Il Golem di Dario Agrimi si presta a una duplice lettura. Il suo gigante di argilla cruda è evidentemente la metafora di quella che viene considerata quasi unanimemente l'urgenza più drammatica del nostro tempo, a causa dei danni del cambiamento climatico provocato dalla sempre più dissennata e dannosa azione umana sull'ambiente. L'alternarsi di abbondanti e disastrose precipitazioni e di periodi di forte e persistente siccità è evocato dalle modifiche che l'argilla che ricopre la superficie della scultura potrà subire dagli agenti atmosferici, disfacendosi pian piano e lasciandone intravvedere la struttura interna. La terra – sembra suggerire l'artista – ferita da ricorrenti e in molti casi imprevedibili e inevitabili eventi catastrofici si avvia a diventare di volta in volta arido sconfinato deserto o malsana e perniciosa palude, in cui la vita umana si farebbe difficile e infine impossibile.

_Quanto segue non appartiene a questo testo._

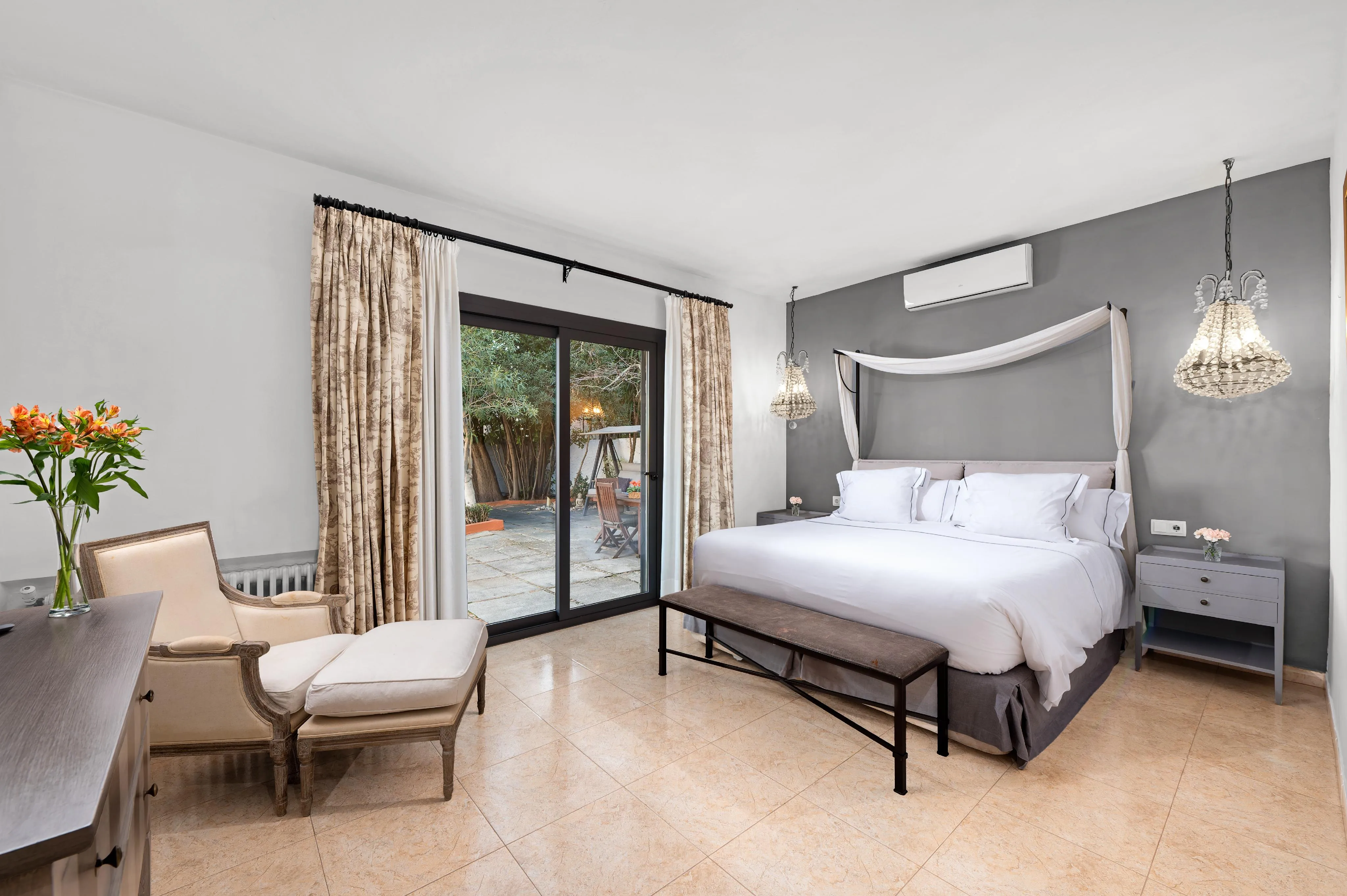 Exclusive luxury villa in Son Armadams-12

D'altro canto, il Golem di Agrimi si fa lampante e toccante paradigma della problematica condizione dell'uomo nel mondo contemporaneo, in cui la sistematica e pressante invasione dei media provoca pericolose e persistenti ansie e insinua continuamente dubbi nella mente degli individui. Un'epoca in cui l'intelligenza artificiale scardina ogni certezza, al tempo stesso creando inedite, false ed effimere verità, che possono essere sconfessate solo attraverso un impegno continuo e approfondito dei singoli e delle comunità.

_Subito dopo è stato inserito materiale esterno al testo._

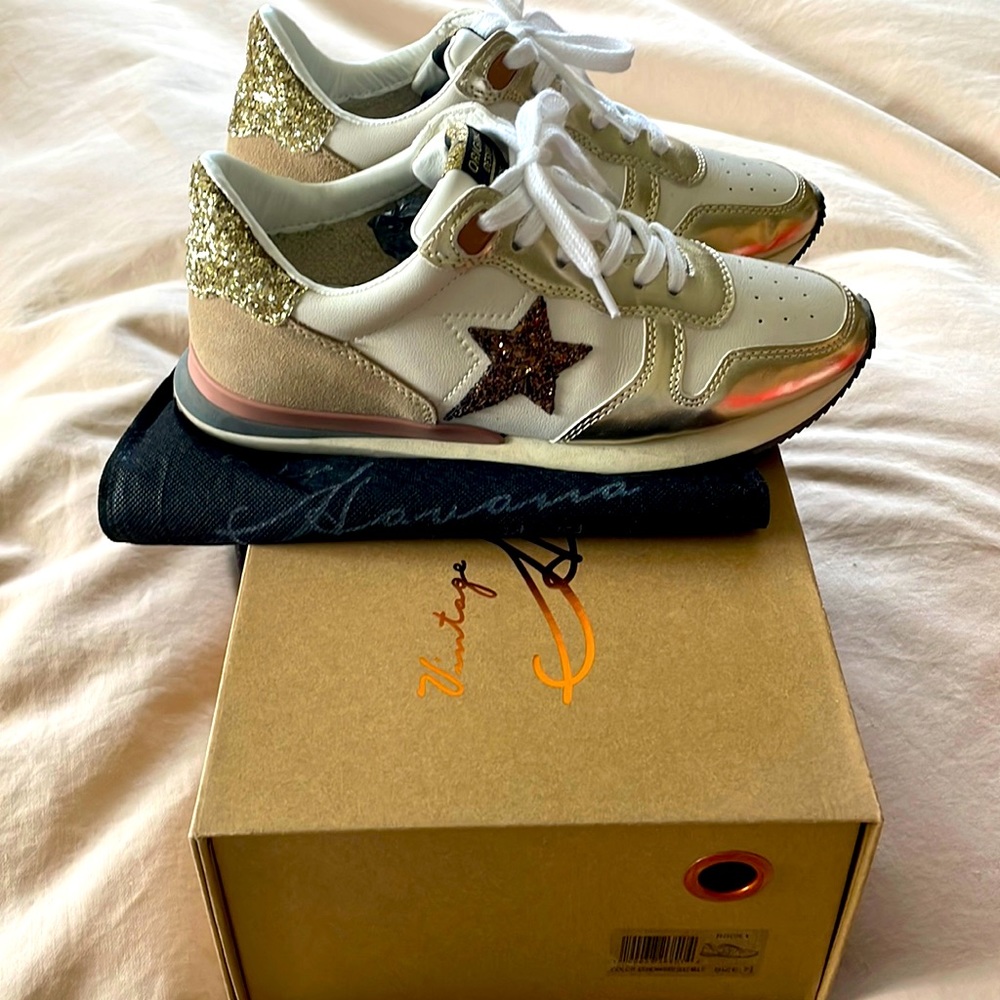 Vintage Havana sneakers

Ancora una volta, Agrimi – con una proposta originale e dunque sorprendente, ma al tempo stesso convincente – fa ricorso al paradosso per aiutarci a prendere atto di quanto di primo acchito può sembrarci lontano nel tempo e nello spazio, ma che invece oggi ci riguarda tutti indistintamente e ovunque.

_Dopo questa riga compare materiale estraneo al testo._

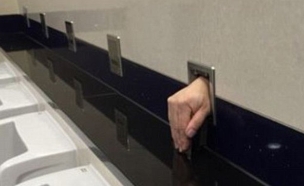 יד בשירותים (צילום: HK Golden)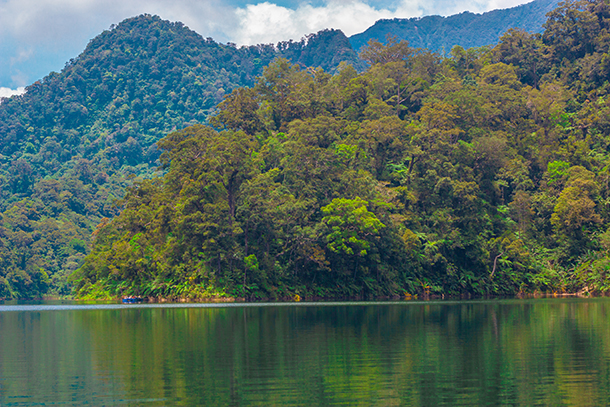 Twin Crater Lakes: Lake Balinsasayao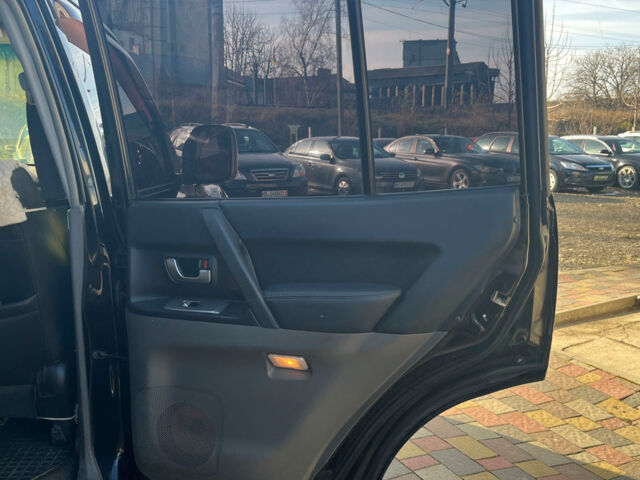 Черный Мицубиси Паджеро, объемом двигателя 3 л и пробегом 287 тыс. км за 8800 $, фото 14 на Automoto.ua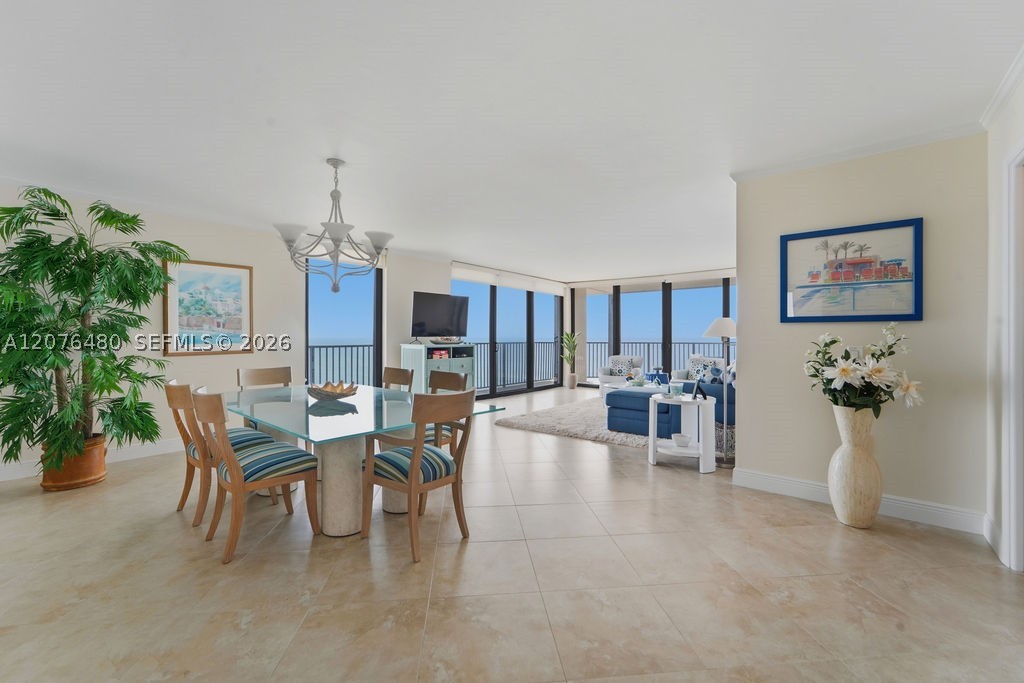 200 Beach Rd 701 Property Photo 21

Non è un Golem che salverà il nostro pianeta, ma solo l'azione responsabile, determinante, concreta e ormai improcrastinabile dell'umanità.
Non è un Golem, che darà all'uomo contemporaneo la serenità e l'equilibrio, indispensabili per guardare con fiducia il futuro e affrontarlo con coraggio.
Altrimenti, sarà la fine. La nostra. La Terra potrà fare a meno di noi.